Si definimos a fetiche como un ídolo u objeto de culto al que se atribuyen poderes sobrenaturales, ¿sería exagerado decir que los carros son un fetiche? Creo que no. Nuestro país, y el mundo creado por la globalización neoliberal, sufren claramente de un profundo cuadro de fetichismo donde el objeto de culto son los vehículos. Los carros nunca han sido un medio de movilidad, siempre fueron un símbolo de estatus, una materialización del poder. Su diseño, producción y distribución jamás han estado guiados por las necesidades humanas, de las sociedades y de las ciudades, sino por la lógica del negocio, simplemente para ganar más dinero. Es tan grande el poder que ha alcanzado este fetiche (y de quienes lo producen y venden), que nuestras ciudades se conciben, diseñan y organizan para los vehículos, y no para la gente. El marketing, esa disciplina que se encarga de que sintamos que nuestra vida es una porquería para vendernos la felicidad en la forma de algún producto, ha conseguido que los carros sean un símbolo de nuestro éxito. Tener acceso a un carro nunca fue visto como un privilegio y una responsabilidad, sino que siempre fue entendido como un derecho sin serlo.

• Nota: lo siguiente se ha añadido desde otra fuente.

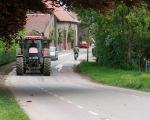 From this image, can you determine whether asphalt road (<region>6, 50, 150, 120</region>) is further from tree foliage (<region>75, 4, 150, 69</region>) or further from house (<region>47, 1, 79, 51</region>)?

Pero aquí conducir un vehículo no es una forma de movilidad, sino un ejercicio de poder, y el carro la herramienta que nos permite instrumentalizarlo. Si nos fijamos en cómo conducimos las y los ecuatorianos, ¿será correcto concluir que ejercemos el poder con una nula empatía y con un impresionante desprecio por la vida del resto?
Se dice que sólo un estúpido busca tener resultados distintos haciendo exactamente lo mismo. Esa frase es un excelente resumen de la planificación, administración, regulación y control del tránsito en el Ecuador (aunque también de la religión neoliberal). Es indiscutible que las distintas instituciones de tránsito en el Ecuador se han inspirado y han tomado sus experiencias, procesos y trámites directamente de la historia de El Proceso de Franz Kafka, habiendo conseguido el milagro de la encarnación de esta novela en el mundo material.
La movilidad en el Ecuador necesita transformaciones profundas, aprendiendo de la historia, por eso es indispensable casi comenzar de cero, para no repetir vicios y garantizar el derecho a la vida, y a la movilidad, y no para avalar el éxito de unos pocos negocios. Necesitamos que quienes conducimos seamos evaluados psicológicamente, para ver si somos aptos para hacerlo. Es urgente que el transporte público sea organizado para el bien común, y no para que una minoría se llene los bolsillos. Es fundamental que erradiquemos ese desprecio por la vida que nos caracteriza y que gestemos un poco de empatía. Pero, sobre todo, es urgente que nuestras ciudades sean para la gente y el bien común, y no para los carros y quienes lucran de ellos. Tenemos que admitir que el tránsito en Ecuador habla muy mal de nosotros y de lo que somos, muy distinto de lo que decimos ser.